Écriture libyque

alphabet antique d'Afrique du Nord From Wikipedia, the free encyclopedia

L'écriture libyque est un ensemble d'alphabets ayant existé durant l'Antiquité dans la Libye antique (territoire historique des Berbères - comprenant Maghreb, oasis de Siwa et îles Canaries actuels), ce qui lui vaut son nom. Cette écriture n'étant pas unifiée, on parle plutôt d'« alphabets libyques ».

TypeAbjad
Langue(s)Libyque
ÉpoqueDu Ve siècle av. J.-C. au Ve siècle
Faits en bref Caractéristiques, Type ...
Libyque
Image illustrative de l’article Écriture libyque
Dédicace punico-libyque en l'honneur du roi Massinissa.
Caractéristiques
Type Abjad
Langue(s) Libyque
Historique
Époque Du Ve siècle av. J.-C. au Ve siècle
Fermer

Il existe plus de mille inscriptions en libyque répertoriées[1]. La quasi-totalité de ces inscriptions sont funéraires ; elles sont brèves et comportent principalement des anthroponymes[2] ou des phrases courtes en hommage aux défunts (éloges funèbres écrits).

Il est largement admis que les alphabets libyques ont servi à noter une forme ancienne de berbère, dite langue libyque, quoique certains spécialistes remettent en question cette idée[3].

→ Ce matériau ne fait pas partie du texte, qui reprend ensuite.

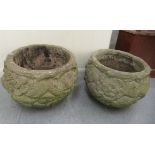 A pair of composition stone planters of fish bowl form, decorated in relief with flora  13"h  15"dia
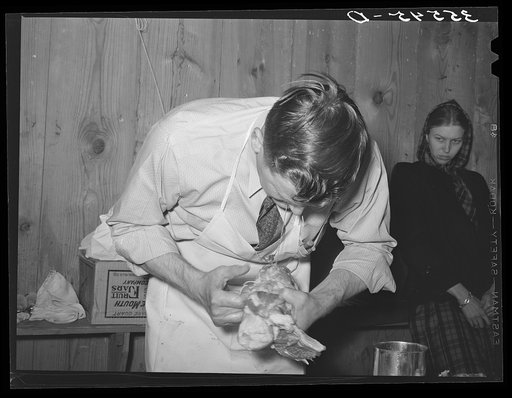 FSA (Farm Security Administration) supervisor tying a pork rolled roast during a meat cutting demonstration before FSA supervisors and officials at a district meeting. San Angelo, Texas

Variantes et caractéristiques

On distingue trois formes très similaires de l'écriture libyque :

  • Le libyque occidental, qui a plutôt été utilisé le long de la côte méditerranéenne du centre du Maghreb jusqu'au Maroc actuel ; elle comporte 13 lettres supplémentaires et serait, selon Février (1964-65), la forme la plus primitive mais aussi la plus ancienne[4]. Les inscriptions les plus anciennes connues à ce jour, les plus connues seraient celles des régions sahariennes[4],[5] (Atlas saharien algérien, Sahara central) et du Haut-Atlas comme celles d’Azib n’Ikkis[4],[5], situées au Maroc dans la province d'Al Haouz. Ces écritures seraient datées du deuxième millénaire avant notre ère[6], ce qui invaliderais l'hypothèse d'une origine phénicienne[4][source détournée]. Toutefois, les recherches récentes ont invalidé la datation initiale précoce de l'inscription d'Azib n'lkkis au Maroc : elle ne pourrait dater antérieurement au IIe siècle av. J.-C. et Ier siècle av. J.-C.[7],[8]
  • Le libyque oriental, le plus abondant de tous[9], également qualifié d'« écriture numidique »[10], a plutôt été utilisé en Kabylie (Algérie), dans les Aurès (Algérie), en Tunisie et en Libye ; Seule cette forme a été déchiffrée grâce notamment à l'existence d'importantes inscriptions bilingues punico-libyques. Ce déchiffrement a permis de déterminer la valeur de 22 signes sur 24. Seuls les textes en libyque dit « oriental » ont pu être précisément datés comme RIL 2 daté en 138 avant J.C[10]. La plus ancienne inscription libyque figure sur un récipient en céramique mis au jour à Tiddis (Algérie) date du IIIe siècle av. J.-C.[11].
  • Le libyque saharien, utilisé par les populations berbères touaregs du Sahara, dont descend le tifinagh. Il est la variante la mieux déchiffrée du libyque, grâce notamment à la survivance de la variante saharienne touarègue et aux travaux de Charles de Foucauld.
  • Le libyque guanche, libyque canarien ou libyque insulaire, aux îles Canaries.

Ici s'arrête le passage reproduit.